## [Task to complete]
Take the records below and set down exactly the lines from the one with "Smart Life Wireless" to the one with "Rua Sociologo Betinho, 256", ends included; do not copy the pictures.
───── Source material
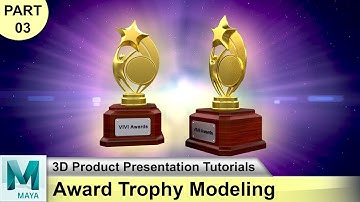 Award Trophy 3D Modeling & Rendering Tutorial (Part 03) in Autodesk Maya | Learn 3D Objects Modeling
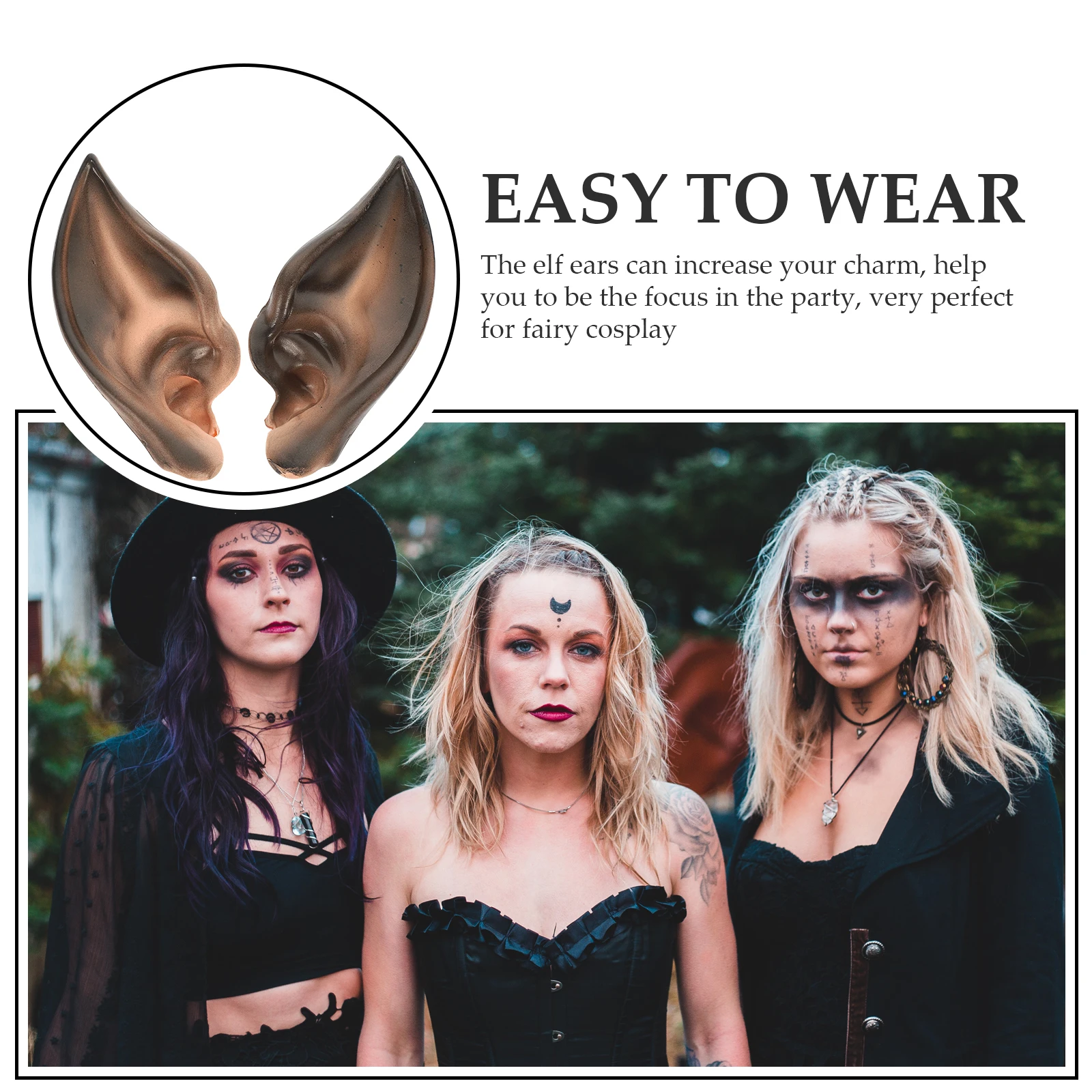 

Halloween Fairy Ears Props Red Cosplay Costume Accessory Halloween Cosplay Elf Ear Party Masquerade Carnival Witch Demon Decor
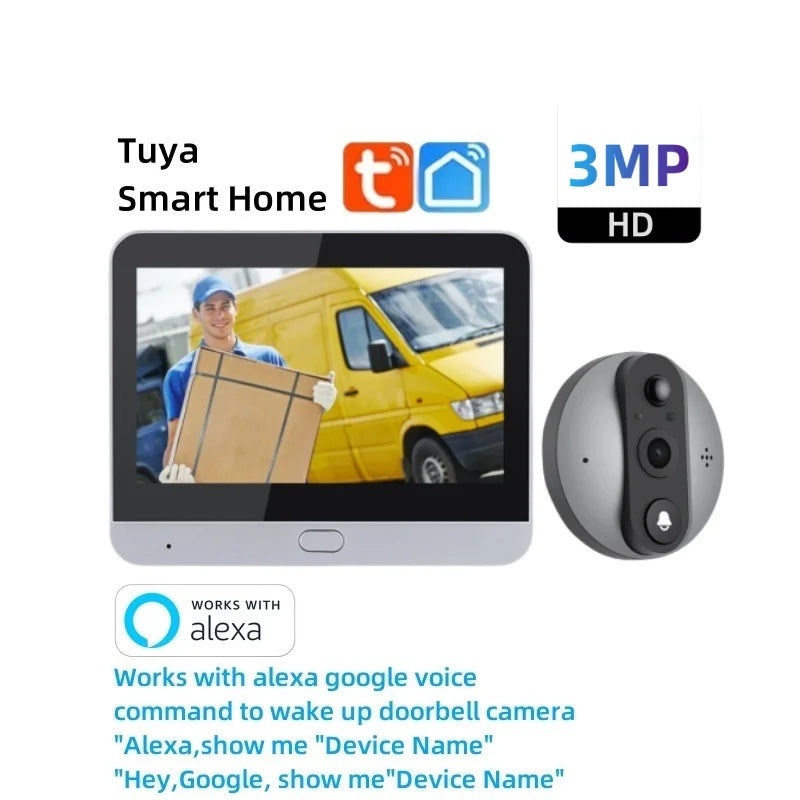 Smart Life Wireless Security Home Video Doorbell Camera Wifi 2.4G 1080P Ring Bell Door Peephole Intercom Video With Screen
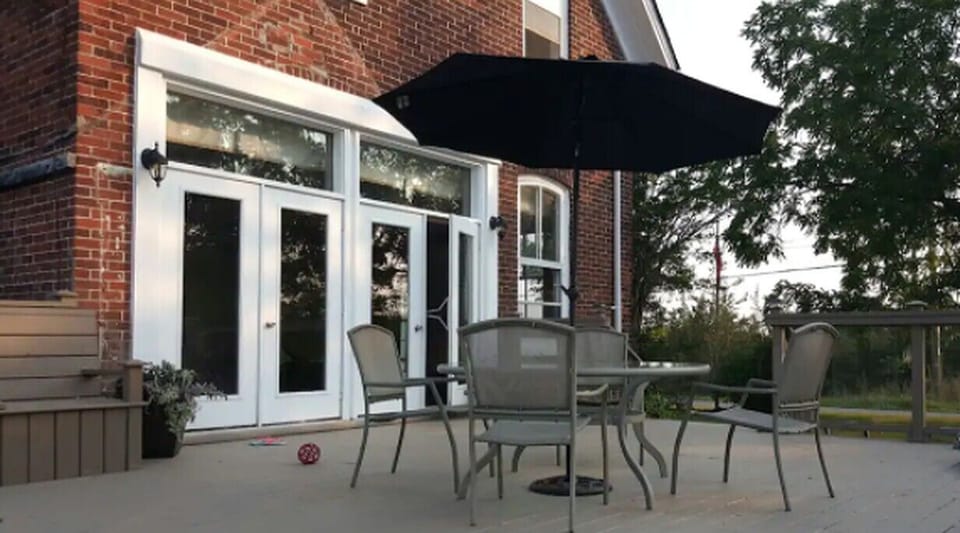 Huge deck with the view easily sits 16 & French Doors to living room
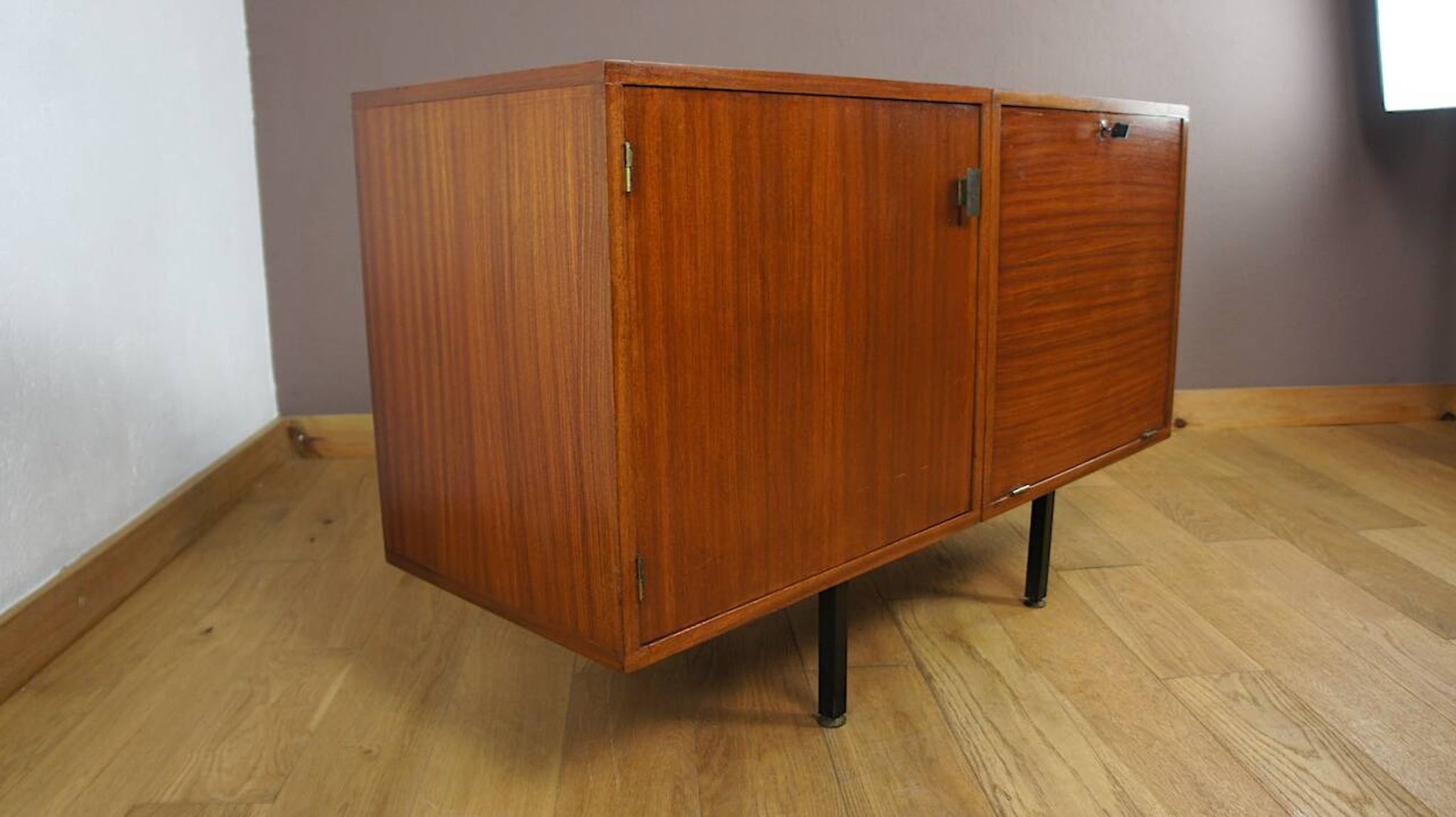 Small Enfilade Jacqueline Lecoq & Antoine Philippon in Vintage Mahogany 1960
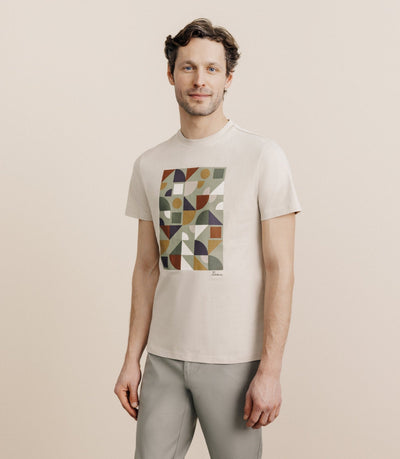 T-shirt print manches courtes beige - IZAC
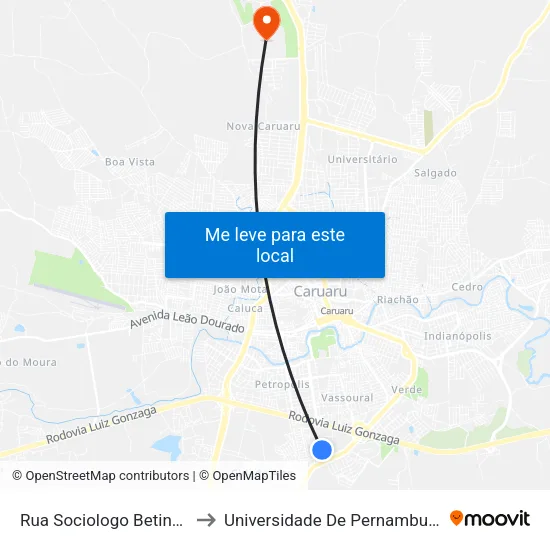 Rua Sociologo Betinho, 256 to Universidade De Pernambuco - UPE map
──────────
───── Source material
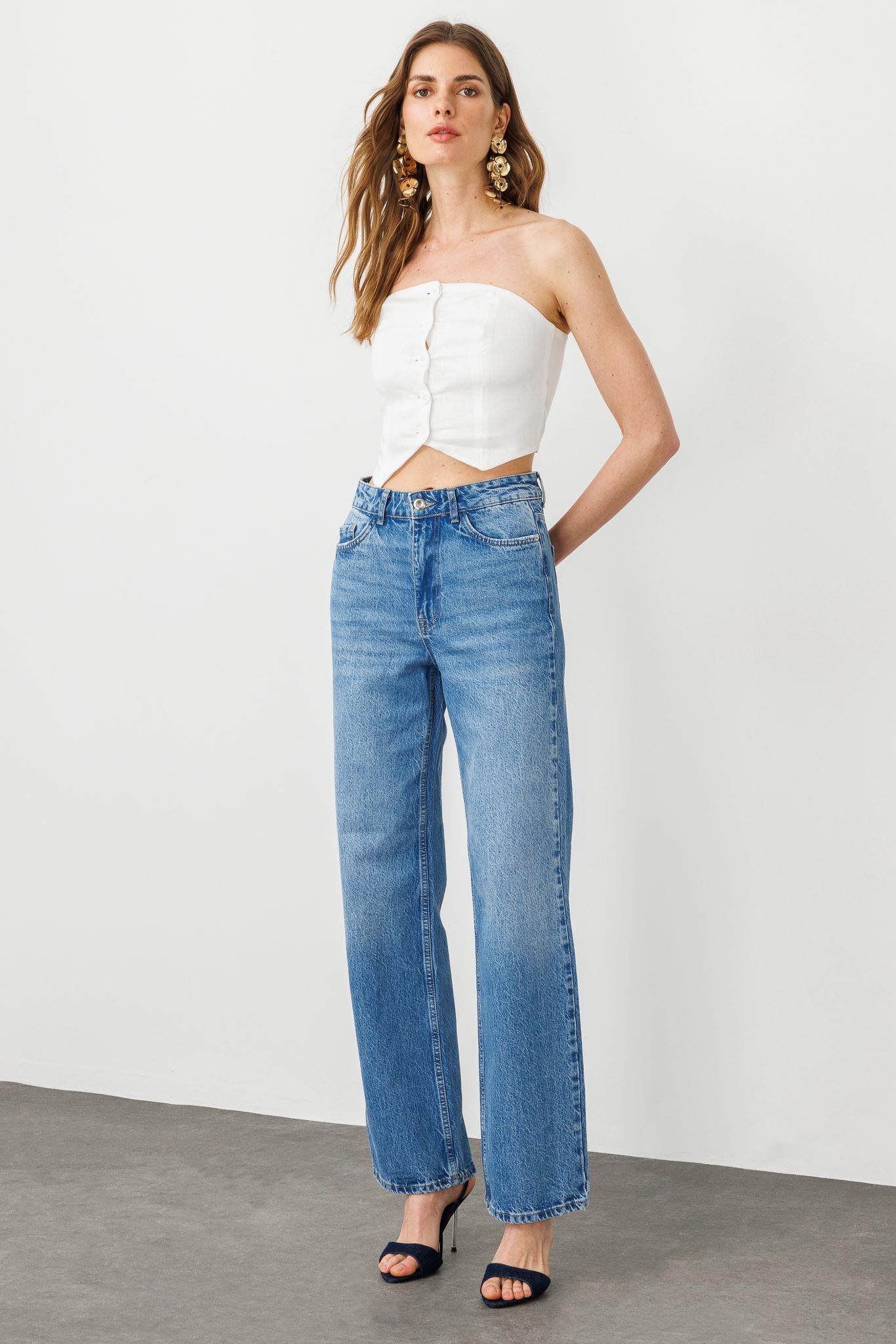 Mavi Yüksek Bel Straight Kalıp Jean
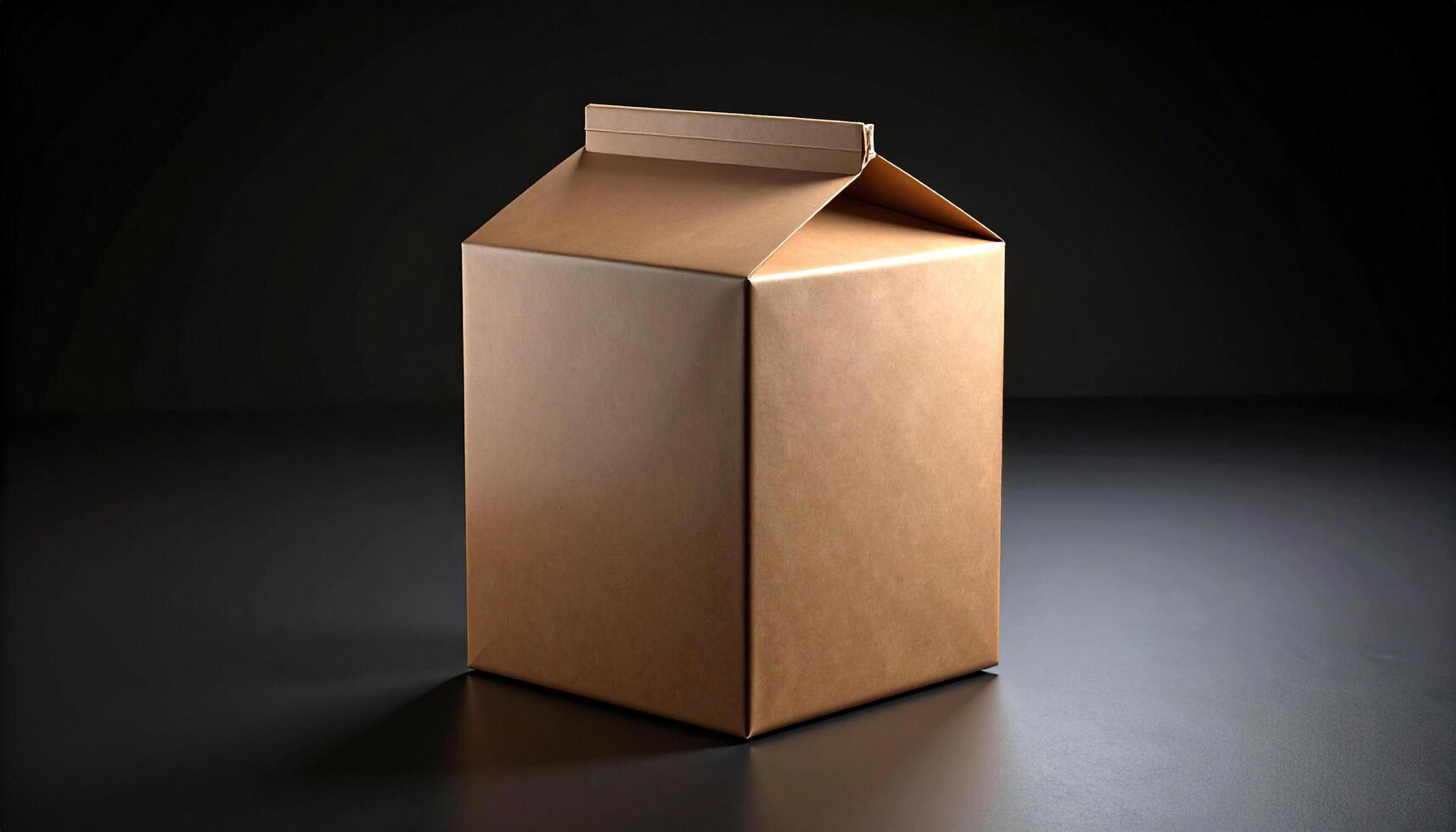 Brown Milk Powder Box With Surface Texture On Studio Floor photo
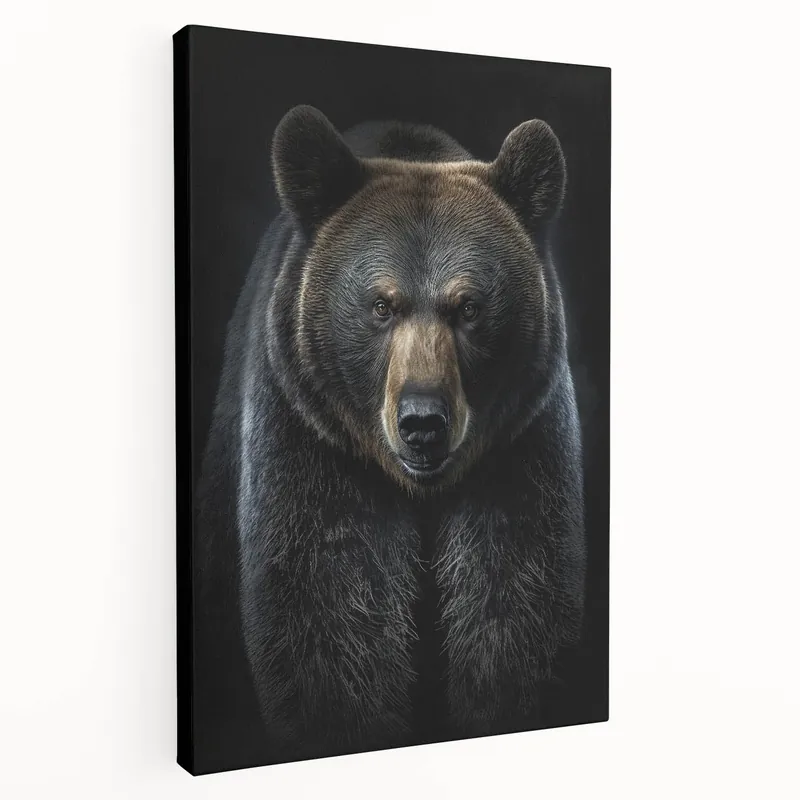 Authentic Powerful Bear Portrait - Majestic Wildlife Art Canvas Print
──────────
───── Source material
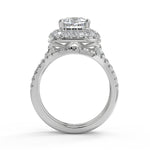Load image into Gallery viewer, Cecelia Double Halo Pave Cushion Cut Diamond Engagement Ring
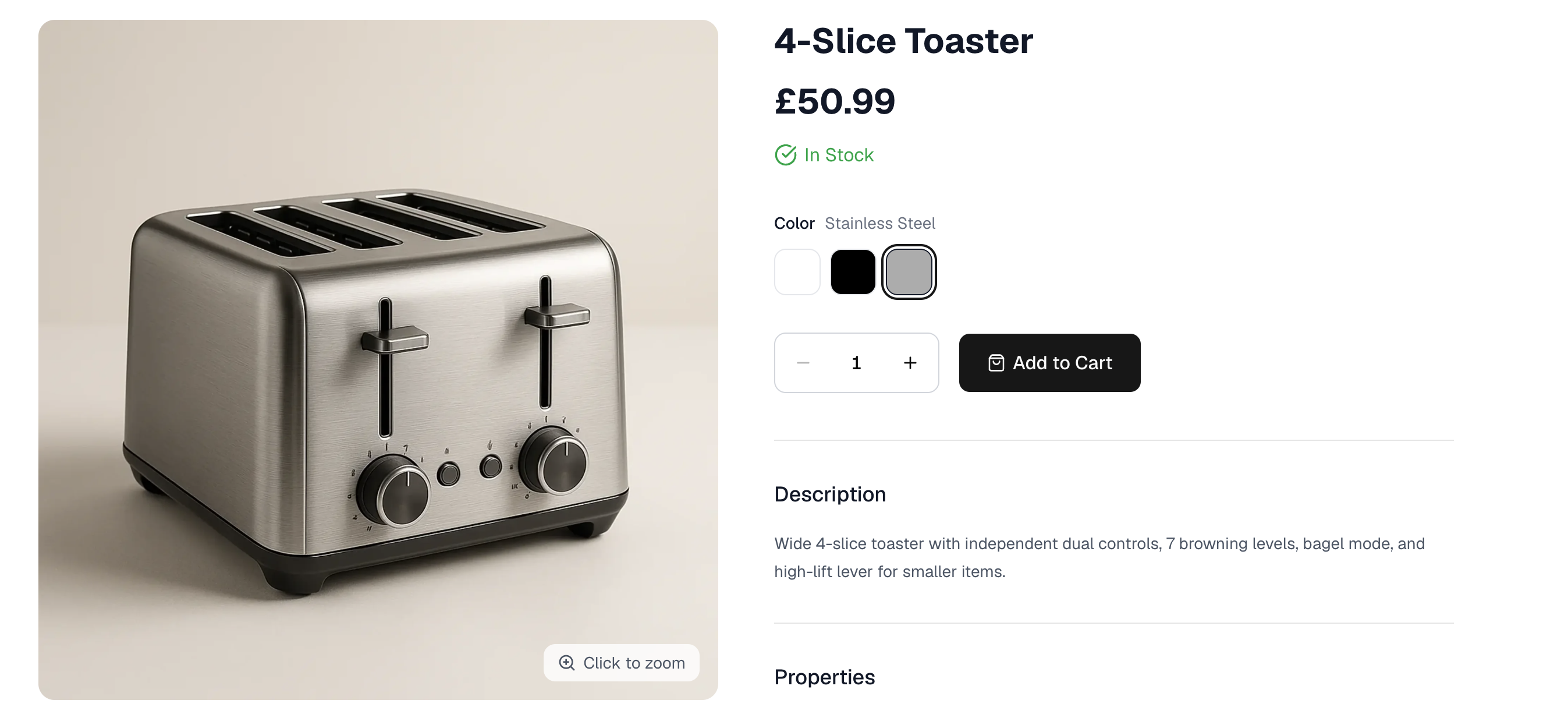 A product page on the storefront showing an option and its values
──────────
## [Response]
 Smart Life Wireless Security Home Video Doorbell Camera Wifi 2.4G 1080P Ring Bell Door Peephole Intercom Video With Screen
 Huge deck with the view easily sits 16 & French Doors to living room
 Small Enfilade Jacqueline Lecoq & Antoine Philippon in Vintage Mahogany 1960
 T-shirt print manches courtes beige - IZAC
 Rua Sociologo Betinho, 256 to Universidade De Pernambuco - UPE map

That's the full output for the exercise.